- **Directions**:
The material below has pictures in it. Set down only the lines from the line containing "Residence Inn By" through the line containing "元坑两镇交界处,风景区由宝山,演山,七台山三大景区组成,有石宝峰", word for word, and leave the pictures behind.

- **Supplied information**:
*** Begin section ***
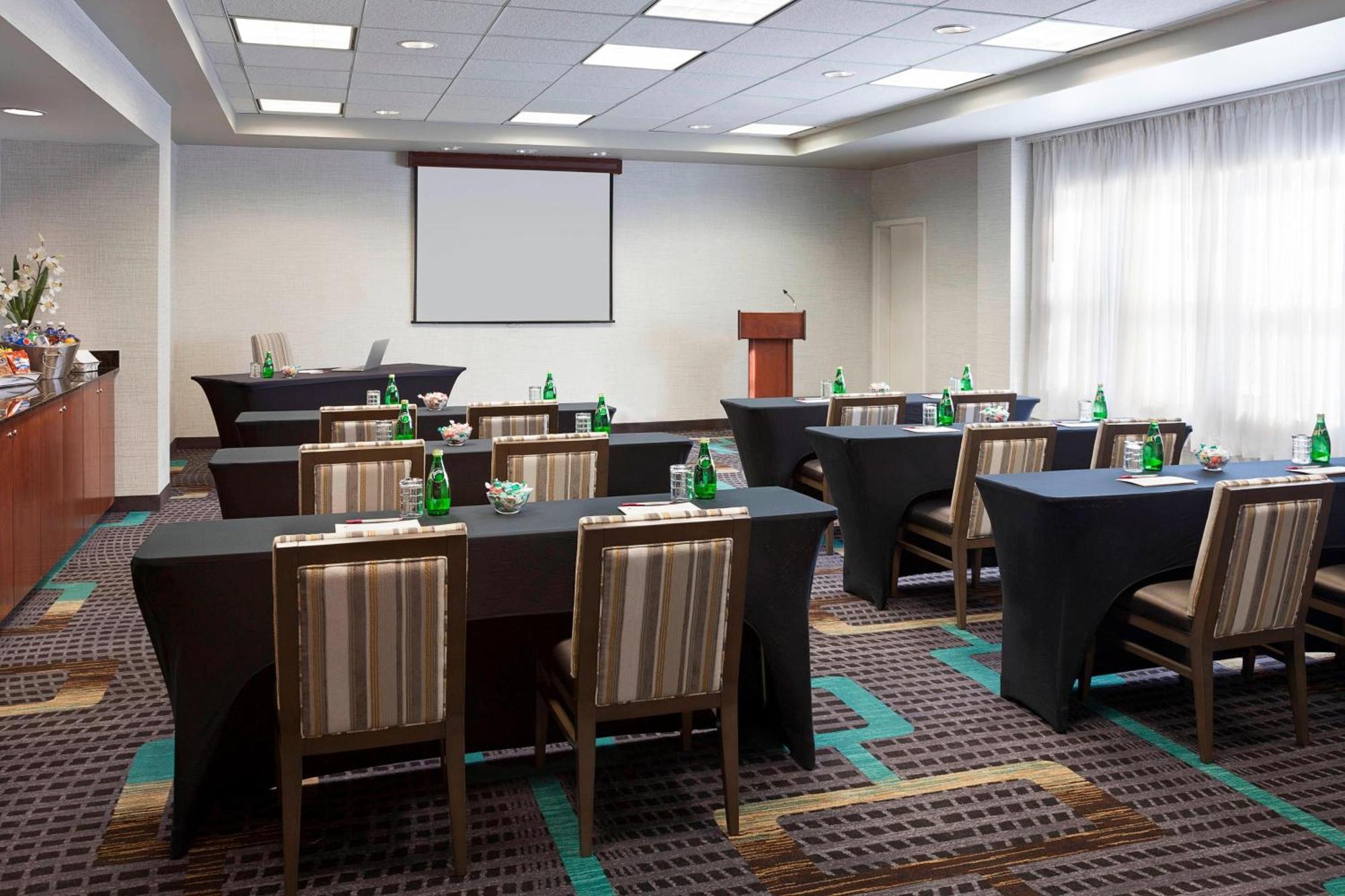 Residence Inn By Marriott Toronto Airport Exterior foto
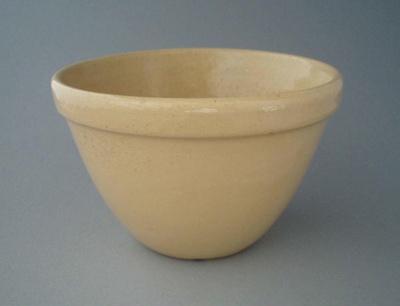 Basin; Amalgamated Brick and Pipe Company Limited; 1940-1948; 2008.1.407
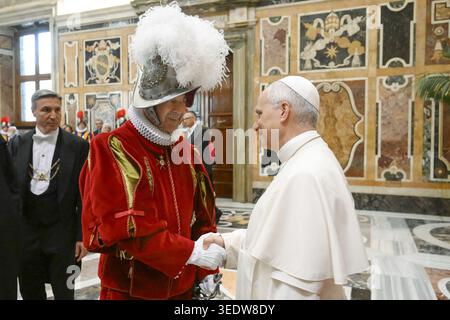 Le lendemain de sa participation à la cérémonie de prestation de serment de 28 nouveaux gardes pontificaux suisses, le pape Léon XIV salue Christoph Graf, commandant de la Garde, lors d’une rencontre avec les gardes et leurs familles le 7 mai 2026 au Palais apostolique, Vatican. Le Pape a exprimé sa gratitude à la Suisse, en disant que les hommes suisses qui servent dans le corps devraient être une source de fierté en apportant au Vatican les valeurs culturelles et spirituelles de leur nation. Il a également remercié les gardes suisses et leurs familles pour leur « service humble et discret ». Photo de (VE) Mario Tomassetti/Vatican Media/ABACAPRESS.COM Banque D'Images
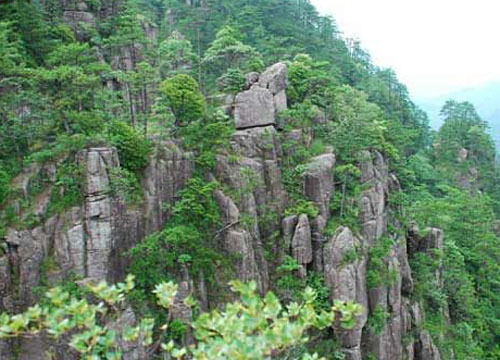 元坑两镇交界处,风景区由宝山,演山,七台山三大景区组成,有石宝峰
*** End section ***
*** Begin section ***
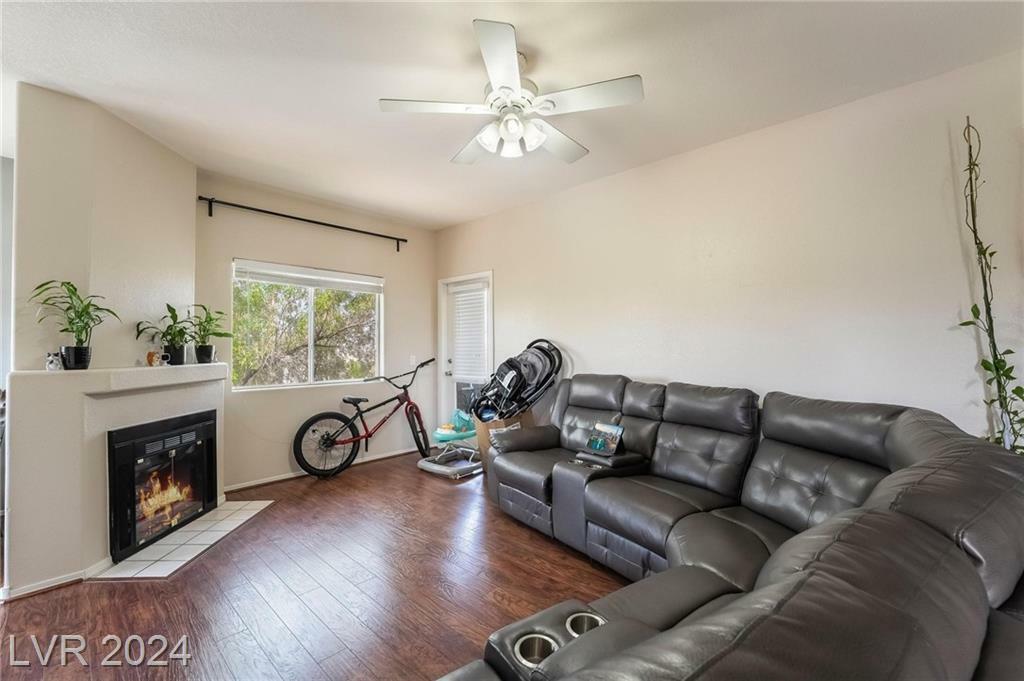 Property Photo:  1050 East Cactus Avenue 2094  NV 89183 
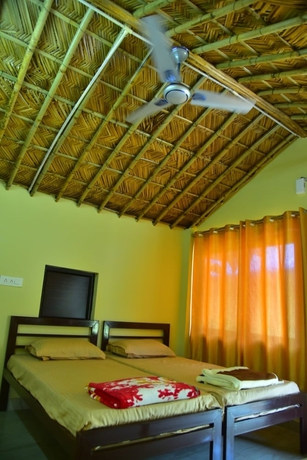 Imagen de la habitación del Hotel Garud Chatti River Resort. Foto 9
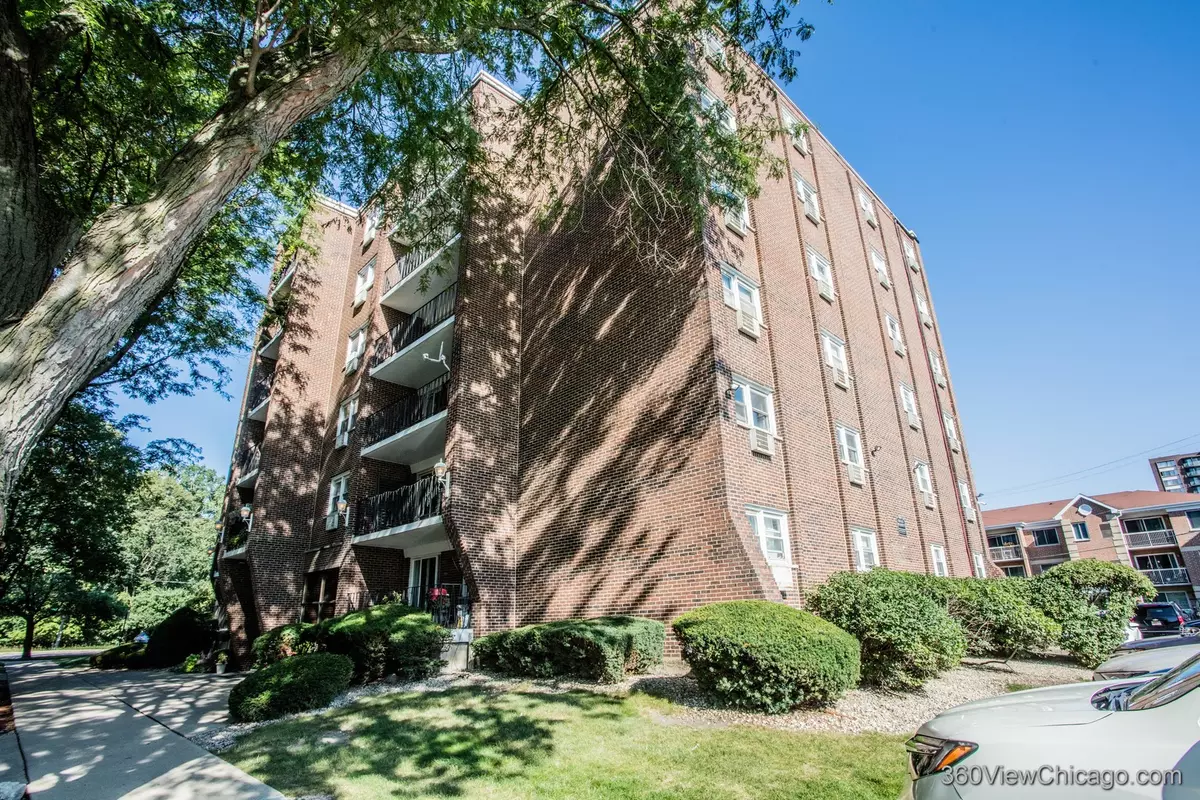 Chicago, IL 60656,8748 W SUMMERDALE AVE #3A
*** End section ***
- **Answer to the problem**:
 Residence Inn By Marriott Toronto Airport Exterior foto
 Basin; Amalgamated Brick and Pipe Company Limited; 1940-1948; 2008.1.407
 Le lendemain de sa participation à la cérémonie de prestation de serment de 28 nouveaux gardes pontificaux suisses, le pape Léon XIV salue Christoph Graf, commandant de la Garde, lors d’une rencontre avec les gardes et leurs familles le 7 mai 2026 au Palais apostolique, Vatican. Le Pape a exprimé sa gratitude à la Suisse, en disant que les hommes suisses qui servent dans le corps devraient être une source de fierté en apportant au Vatican les valeurs culturelles et spirituelles de leur nation. Il a également remercié les gardes suisses et leurs familles pour leur « service humble et discret ». Photo de (VE) Mario Tomassetti/Vatican Media/ABACAPRESS.COM Banque D'Images
 元坑两镇交界处,风景区由宝山,演山,七台山三大景区组成,有石宝峰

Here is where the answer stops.